I'm very new to statistics and I want to be able to interrupt the following regression data. What does y=.33 - .0000007x mean? Also, what is r^2? Please let me know what y, x, and r^2 tells us.
1 Answers
The equation
$y = 0.33 - 0.000007 * x$
where the * = multiplication, describes the line that you have fitted through your data. A line has two features that define it typically: 1) Where the line intersects with the y-axis (i.e. the value of y when x = 0), and; 2) the slope of the line (I.e. rise over run).
The first number in the equation (0.33) tells you where the line hits the y axis, or the value of y when x is zero.

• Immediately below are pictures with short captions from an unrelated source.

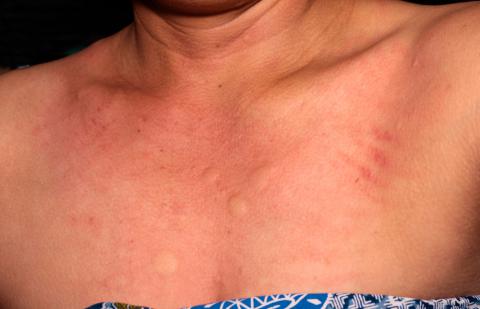 Mujer con dermatitis en el escote por alergia al níquel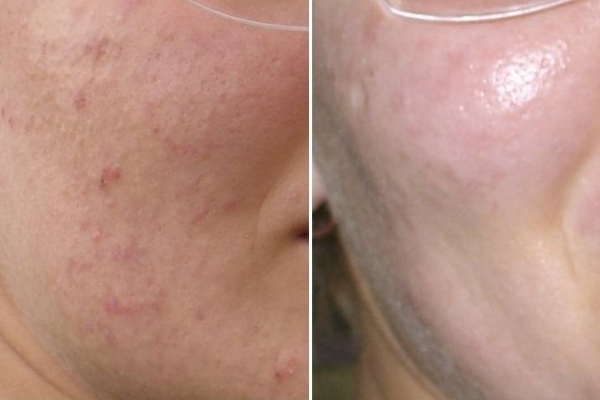 До и после использования Метрогила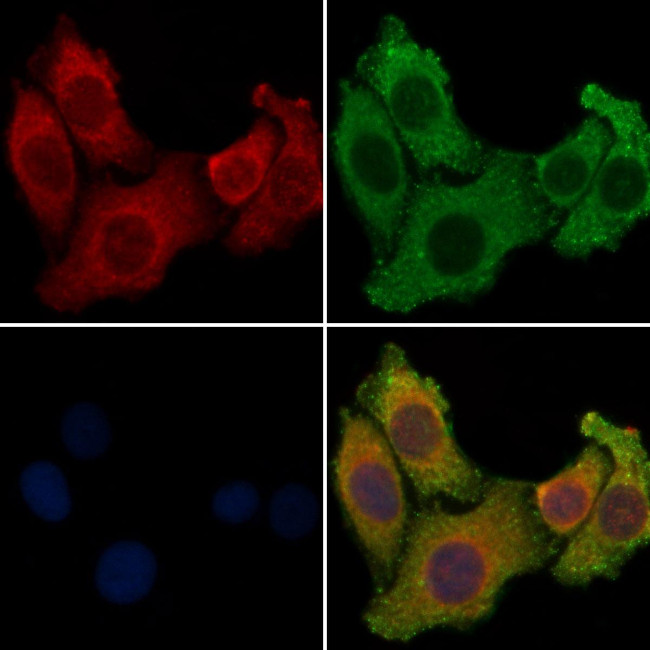 ARRDC2 Antibody in Immunocytochemistry (ICC/IF)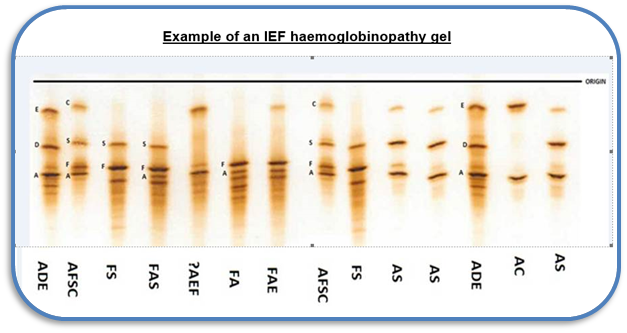 Isoelectric Focussing Gel separates the proteins into bands.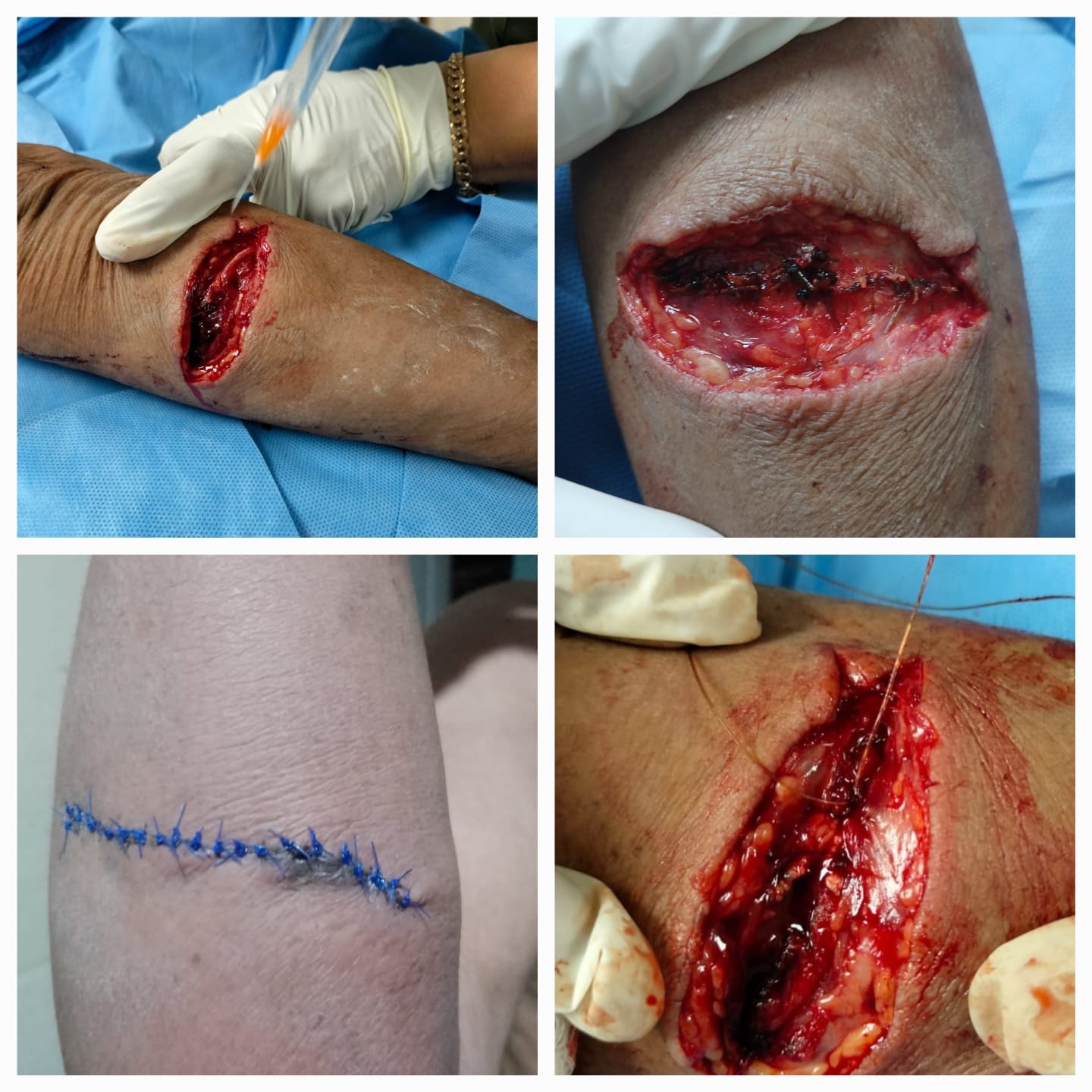 Evidencia de procedimiento médico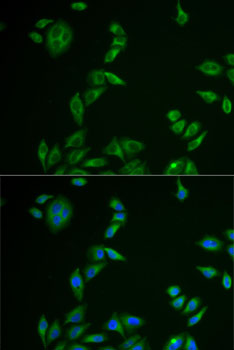 Anti-MLANA Antibody (CAB6290)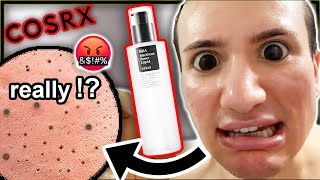 cosrx blackhead toner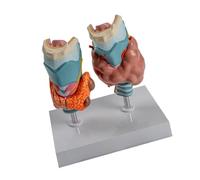 Modèle d ' anatomie pathologique de la thyroïde avec pièces amovibles pour rapport de cours à usage éducatif, modèle anatomique de la thyroïde éducatif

The second part of the equation describes the change you observe in y for every unit change you see in x. I.e. y will decrease (because the number is negative) by 0.000007 for every one unit change you see in x. This equation effectively lets you plug in a value of x and then work out what you would expect the y value would be.

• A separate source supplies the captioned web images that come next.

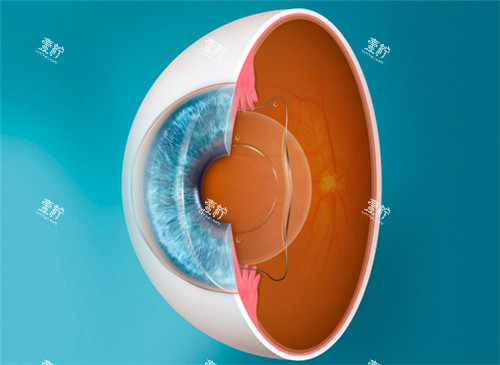 ICL晶体植入图 ICL晶体植入图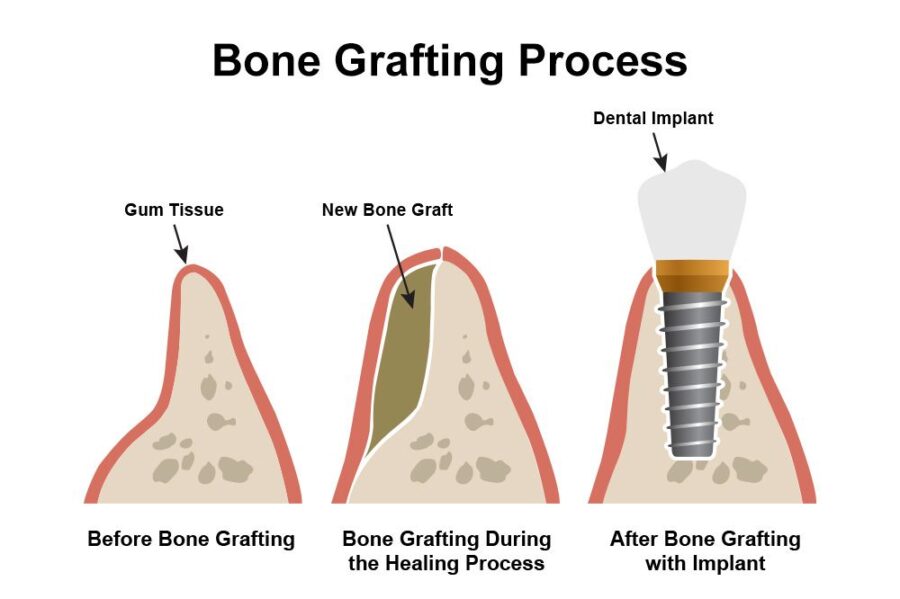 Bone_Grafting_Process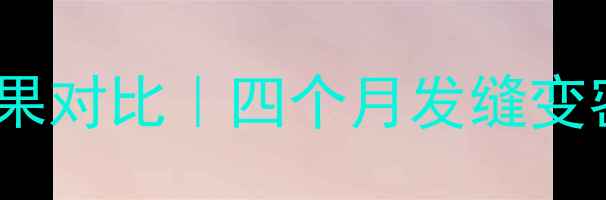 图片 👶产后脱发恢复期四个月效果对比｜四个月发缝变密了怎么办？附护理全攻略2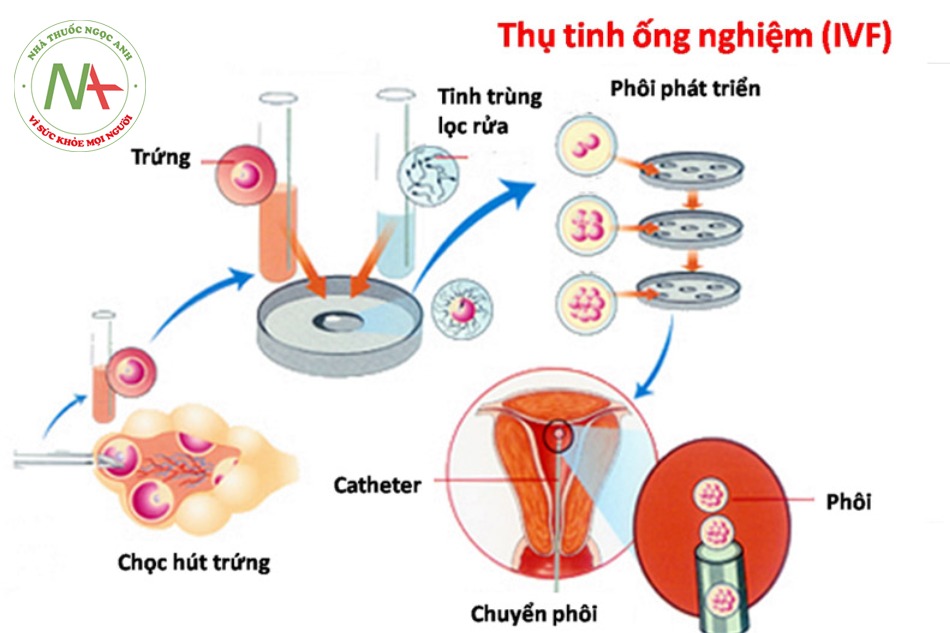 Quy trình IVF - thụ tinh trong ống nghiệm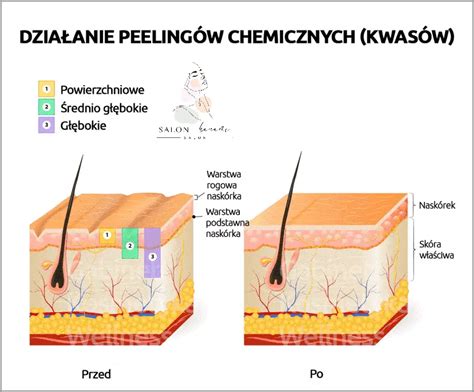 Kwasy Aha I Bha Zobacz Jak Działają Zaktualizowano Kwiecień 2024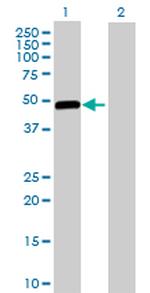 GCK Antibody in Western Blot (WB)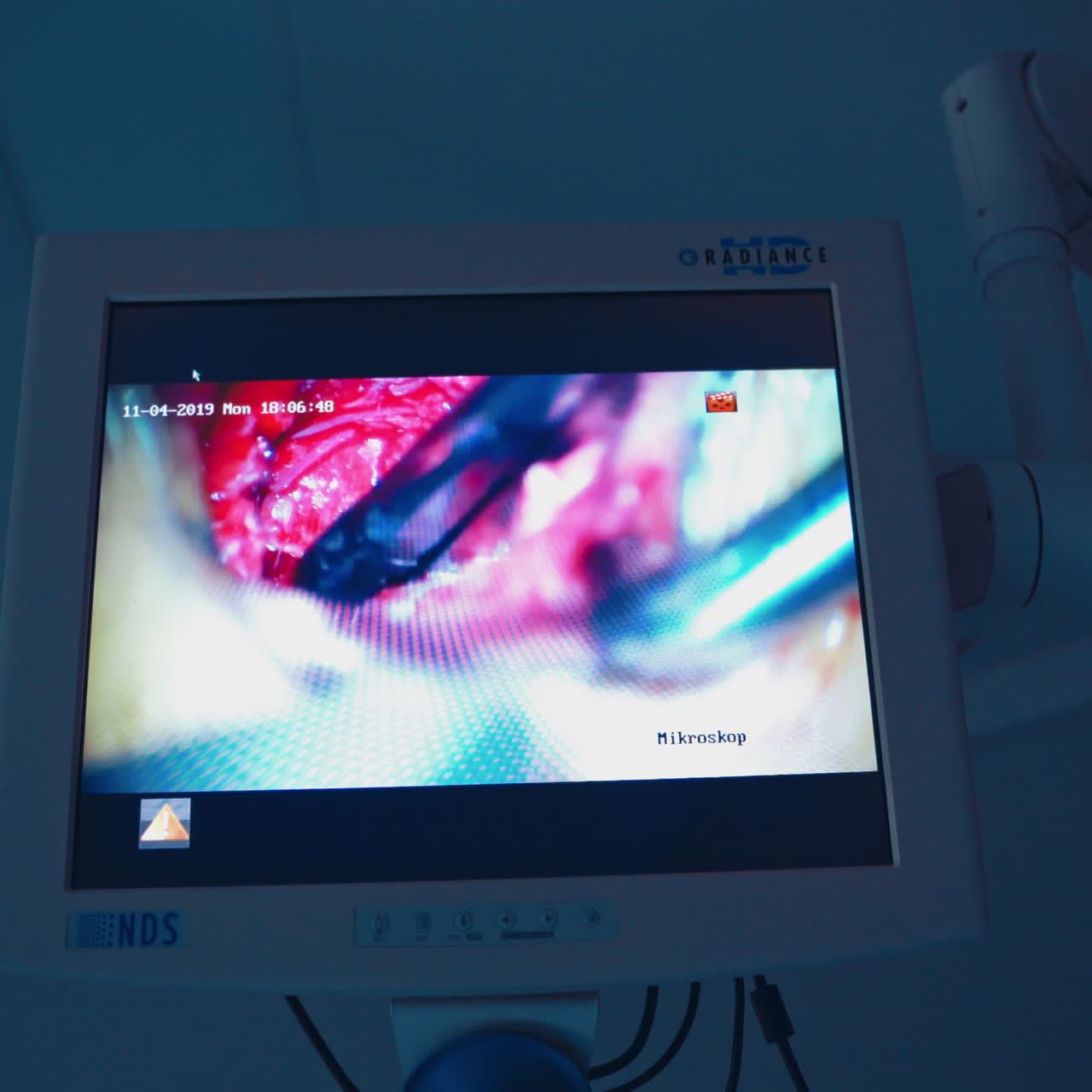 Process of endoscopic surgery on the screen. Surgery demonstrating on a display in the operating room.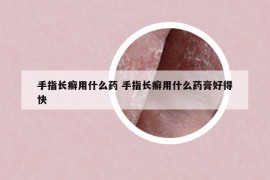 手指長癬用什么藥 手指長癬用什么藥膏好得快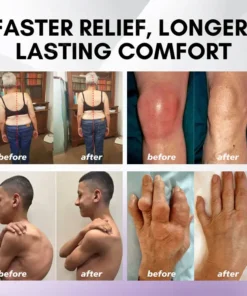 Lovilds™ Turmeric & Emu Oil Arthritis Soothing Pain Relief Massage Gel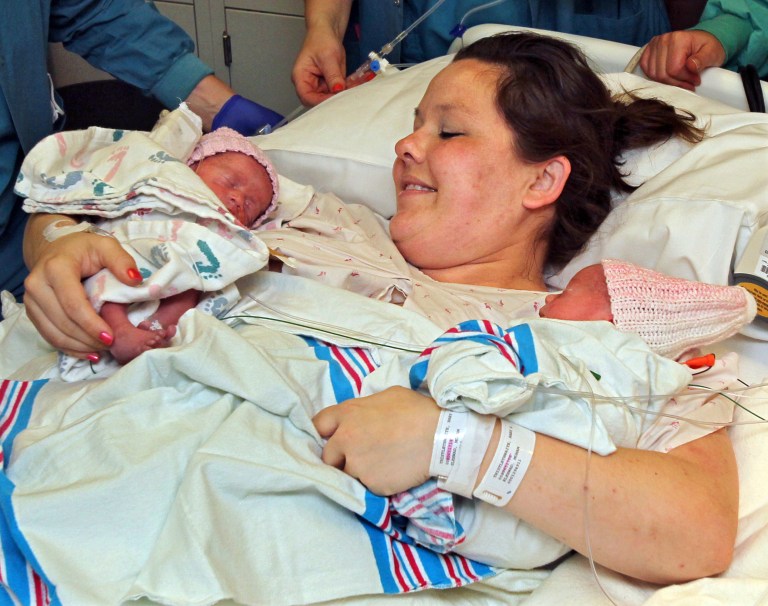 Sarah Thistlethwaite holds her twin daughters, Jenna and Jillian, after her delivery of the monoamniotic twin girls at Akron General Hospital in Akron, Ohio. The identical twin girls shared the same amniotic sac and placenta, which doctors say occurs in about one of every 10,000 pregnancies. The Thistlethwaites say the girls are making progress toward going home from the hospital. A photo showing the girls holding hands taken shortly after birth May 9 at Akron General Medical Center has been widely seen on social media, in newspapers and on national TV. (AP Photo/Akron Beacon Journal, Ed Suba Jr.)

$R^2$ however tells you about the strength of the relationship between the two variables. $R^2$ values can take any value between 0 and 1. A value of 1 means the two are perfectly correlated. A value of 0 means that there is no statistically significant relationship between the two variables. It can also be interpreted as the predictive capacity of your model to a degree. A high $R^2$ suggests that the two variables could be used to predict one another - for instance a $|R^2|$ of 0.9 means that your model captures 90% of the variation in your data.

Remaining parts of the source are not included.